Big Assurance: If we are ‘in Christ’ sin can never make us its slave or its captive again. God’s purpose - to make us ‘holy and blameless before him in love’ - is absolutely certain; nothing can stop it. It is being carried out in us whether we realize it or not. The result is guaranteed because it is based upon the character and the power of God Himself.

Big Encouragement: We may be conscious of sin’s activity in our bodies, we may be troubled and harassed very much by Satan, we can certainly fall, but we can never fall again into slavery. We have simply to get up from where we are and go on.

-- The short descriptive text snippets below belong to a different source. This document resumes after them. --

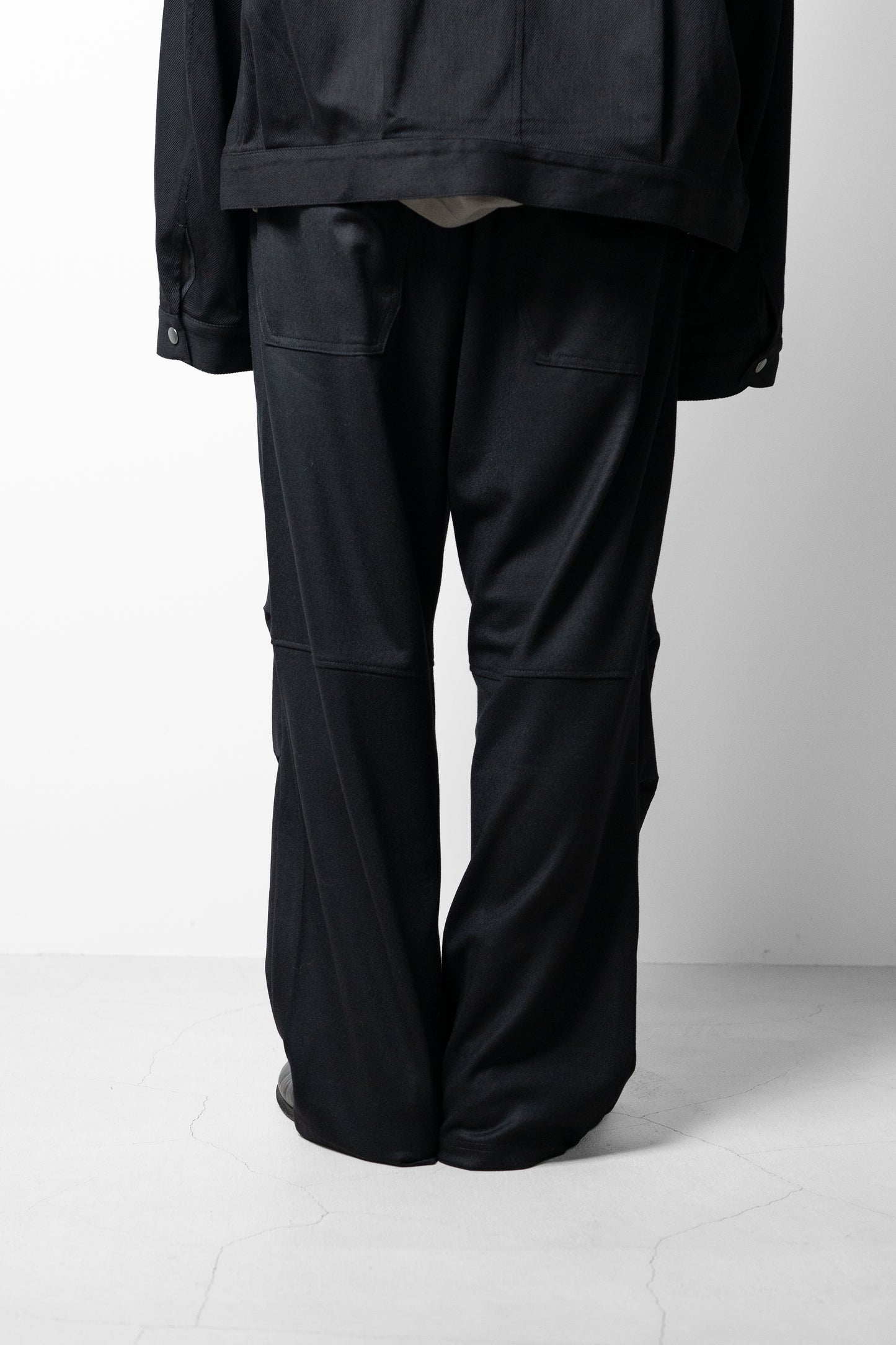 ANCELLM / WOOL CUT KNEE TUCK SLACKS "BLACK"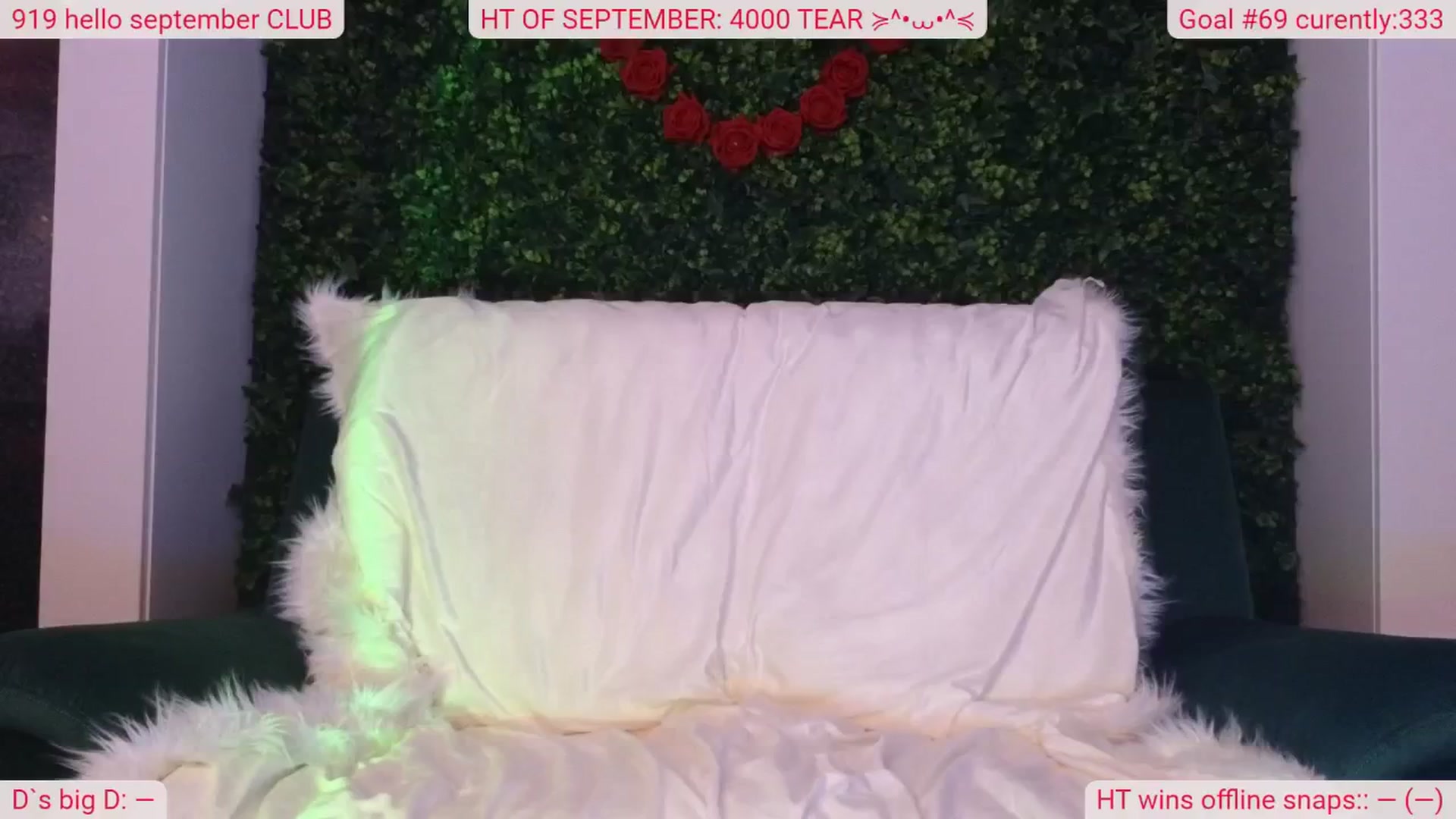 Gallery image thumbnail from DinasLibrary's myfreecams stream on, 09/19/2025, 08:13 image 1 of 20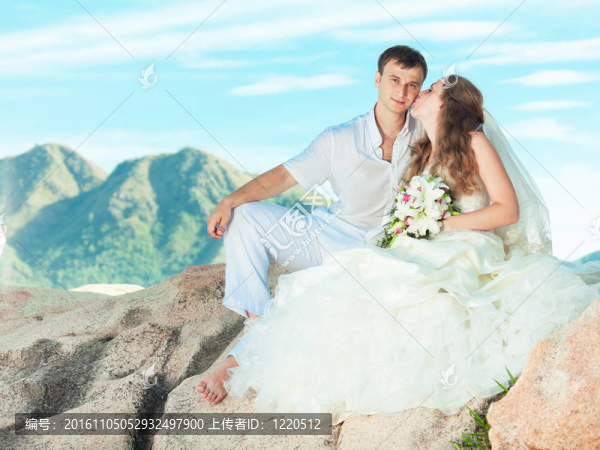 婚禮上的親吻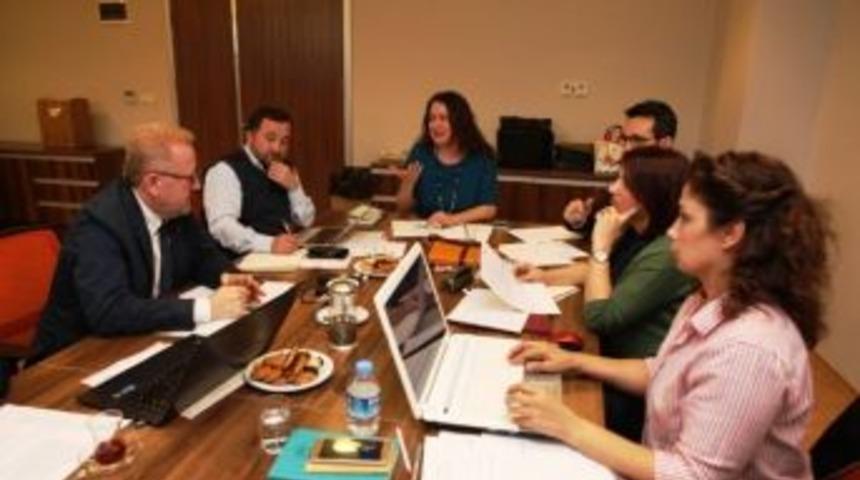 Belediyelerin K&uuml;t&uuml;phane Hizmetleri Bursa&rsquo;da Tartışılacak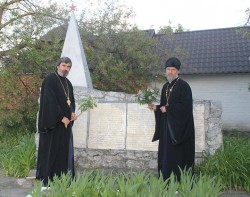 ОСЕЩИНА. Священники вшанували пам'ять загиблих воїнів-односельців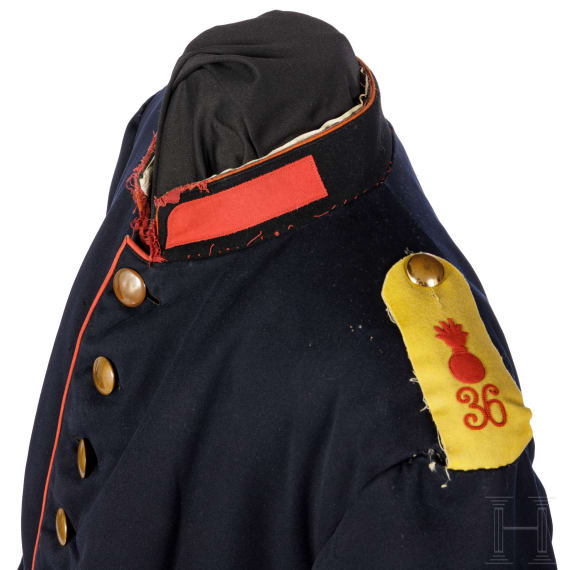 Zwei Uniformr&ouml;cke, Hose und Feldm&uuml;tze, 19./20. Jhdt.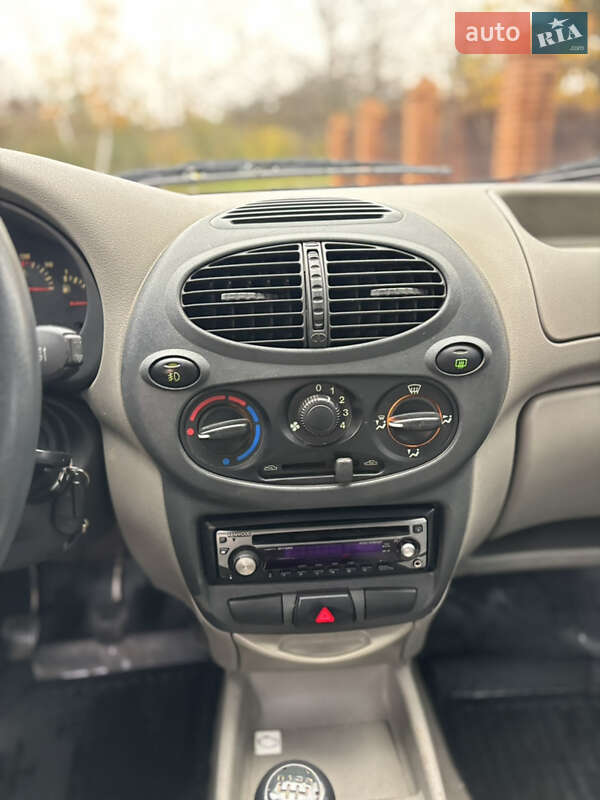 Хэтчбек ВАЗ / Lada 1119 Калина 2007 в Николаеве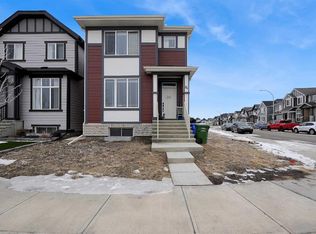 84 NE Magnolia Cmn SE, Calgary, AB T3M3S3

Big Wisdom: The Christian is always a fool when he sins. The compulsion has gone; it is he who now yields voluntarily. Though he is actually committing acts of sin he is miserable.

Romans 6:1-14

Ro 6:1 What shall we say, then? Shall we go on sinning so that grace may increase? 2 By no means! We died to sin; how can we live in it any longer? 3 Or don’t you know that all of us who were baptized into Christ Jesus were baptized into his death? 4 We were therefore buried with him through baptism into death in order that, just as Christ was raised from the dead through the glory of the Father, we too may live a new life.

5 If we have been united with him like this in his death, we will certainly also be united with him in his resurrection. 6 For we know that our old self was crucified with him so that the body of sin might be done away with, that we should no longer be slaves to sin- 7 because anyone who has died has been freed from sin.

8 Now if we died with Christ, we believe that we will also live with him. 9 For we know that since Christ was raised from the dead, he cannot die again; death no longer has mastery over him. 10 The death he died, he died to sin once for all; but the life he lives, he lives to God.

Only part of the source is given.